Les enfants du catéchisme et leurs parents se sont retrouvés devant la porte de la Miséricorde de la cathédrale de Versailles.

Le père Hervé Duroselle a fait observer les peintures : le Christ avec un agneau sur les épaules, ses mains nous invitant à entrer tout en nous bénissant, les agneaux que nous sommes. Jésus miséricordieux prend soin de ses brebis.

Puis, en chantant le refrain : « La miséricorde du Seigneur, à jamais je la chanterai », tous ont passé la porte.

Par petits groupes, nous avons suivi le parcours autour de la cathédrale.

Devant chaque tableau, nous avons observé les mains, refait les gestes, essayé de comprendre ce que cela montrait de Jésus et comment nous pouvions faire de même.
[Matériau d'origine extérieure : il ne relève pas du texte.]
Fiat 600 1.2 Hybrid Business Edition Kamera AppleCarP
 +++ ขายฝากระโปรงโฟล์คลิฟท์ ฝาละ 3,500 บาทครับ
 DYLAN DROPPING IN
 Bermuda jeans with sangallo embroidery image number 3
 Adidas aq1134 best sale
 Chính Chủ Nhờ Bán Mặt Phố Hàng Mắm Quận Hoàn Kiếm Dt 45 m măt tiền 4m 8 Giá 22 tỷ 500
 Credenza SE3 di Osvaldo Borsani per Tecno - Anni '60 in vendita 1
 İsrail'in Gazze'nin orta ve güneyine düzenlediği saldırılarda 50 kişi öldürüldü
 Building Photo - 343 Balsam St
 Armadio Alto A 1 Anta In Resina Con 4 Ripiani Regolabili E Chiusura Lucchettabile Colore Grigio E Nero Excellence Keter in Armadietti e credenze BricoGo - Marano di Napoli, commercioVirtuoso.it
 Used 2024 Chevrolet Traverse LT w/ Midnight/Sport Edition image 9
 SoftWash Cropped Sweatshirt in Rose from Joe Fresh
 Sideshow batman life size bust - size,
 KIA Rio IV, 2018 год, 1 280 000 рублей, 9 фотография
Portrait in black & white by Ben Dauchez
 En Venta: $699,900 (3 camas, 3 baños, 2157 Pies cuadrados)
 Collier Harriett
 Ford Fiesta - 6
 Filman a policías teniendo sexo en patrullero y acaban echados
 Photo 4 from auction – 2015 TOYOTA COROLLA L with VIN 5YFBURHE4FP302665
Un petit texte de la Bible nous montrait comment Jésus prenait soin de nous et comment nous pouvions répondre à cet amour.

Nous étions envoyés comme témoin de cet amour, cette miséricorde.

Rassemblés devant l’autel, nous avons lu des extraits de la prière du pape François.

 

Seigneur Jésus-Christ,
toi qui nous as appris à être miséricordieux comme le Père céleste,
et nous as dit que te voir, c’est Le voir.
Montre-nous ton visage, et nous serons sauvés.

Seigneur Jésus-Christ,

Tu as été saisi de compassion envers les foules parce qu’elles étaient désemparées et abattues comme des brebis sans berger ;

Tu as guéri les malades ;

Tu as partagé les pains et les poissons entre tous, ils mangèrent et ils furent rassasiés ;

Tu as entendu les pleurs de la veuve de Naïm et tu lui as rendu son fils

Tu as libère le possède et tu l’as envoyé annonce ta miséricorde

Ton regard rempli d’amour a libéré Zachée et Matthieu de l’esclavage de l’argent,
la femme adultère et Madeleine de la quête du bonheur à travers les seules créatures ;
tu as fait pleurer Pierre après son reniement, et promis le paradis au larron repenti.

Fais que chacun de nous écoute cette parole dite à la Samaritaine comme s’adressant à nous :
« Si tu savais le don de Dieu ! »
Tu es le visage visible du Père invisible,
du Dieu qui manifesta sa toute-puissance par le pardon et la miséricorde :
fais que l’Eglise soit, dans le monde, ton visage visible, toi son Seigneur ressuscité dans la gloire.

Amen.

 

Puis nous avons récité un Notre Père en ouvrant nos mains vers le Seigneur.

 

Un goûter attendait les enfants sur le parvis.

Nous sommes repartis rassasiés de pain et d’amour.